In my work, I have repeatedly stumbled across the matrix (with a generic matrix $X$ of dimensions $m\times n$ with $m>n$ given) $\Lambda=X(X^tX)^{-1}X^{t}$. It can be characterized by the following:
(1) If $v$ is in the span of the column vectors of $X$, then $\Lambda v=v$.
(2) If $v$ is orthogonal to the span of the column vectors of $X$, then $\Lambda v = 0$.
(we assume that $X$ has full rank).
I find this matrix neat, but for my work (in statistics) I need more intuition behind it. What does it mean in a probability context? We are deriving properties of linear regressions, where each row in $X$ is an observation.

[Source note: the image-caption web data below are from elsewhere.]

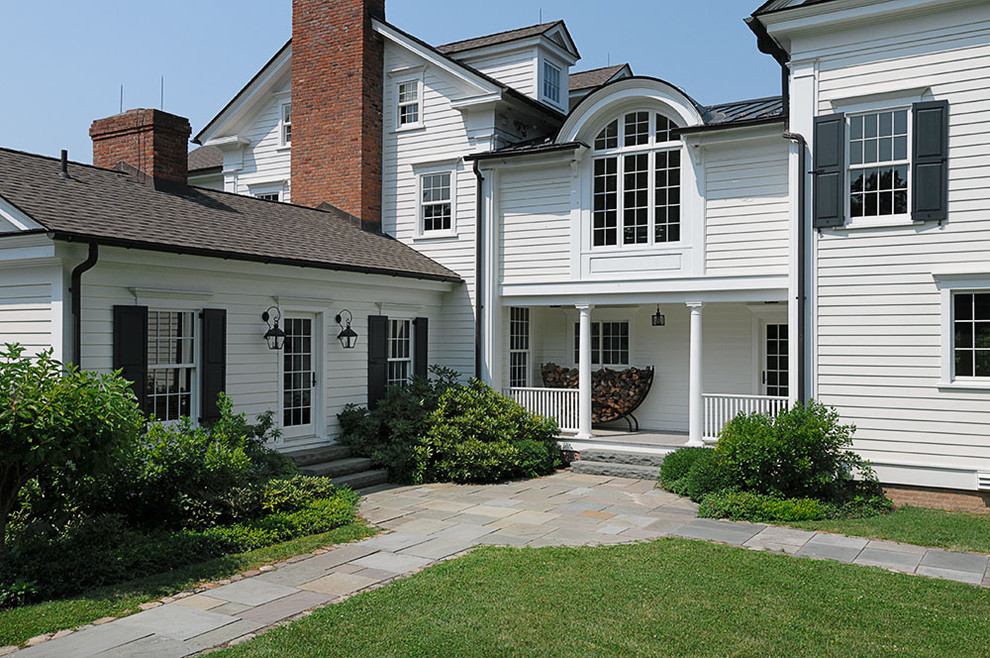Immagine della facciata di una casa bianca country con rivestimento in legno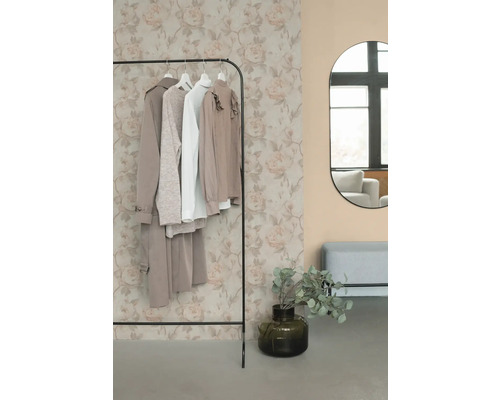 Klädställning med kläder, spegel och dekoration i ett rum.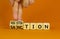 Sanction or negotiation symbol. Businessman turns cubes, changes the word sanction to negotiation. Beautiful orange table, orange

Is this matrix known, and if so in what context (statistics would be optimal but if it is a celebrated operation in differential geometry, I'd be curious to hear as well)?
Best Answer
It is also called hat matrix. The idea is that this matrix "gives the hat": transforms the dependent variable to its prediction in linear regression.
The linear regression model is the following:
$$y=X\beta+\varepsilon.$$
The least squares estimate of the $\beta$ is defined as
$$\hat\beta=(X^TX)^{-1}X^Ty.$$
The prediction of the model is then:
$$\hat{y}=X\hat\beta=X(X^TX)^{-1}X^Ty$$
So we get that matrix $X(X^TX)^{-1}X^T$ transforms $y$ to $\hat{y}$, hence the hat matrix.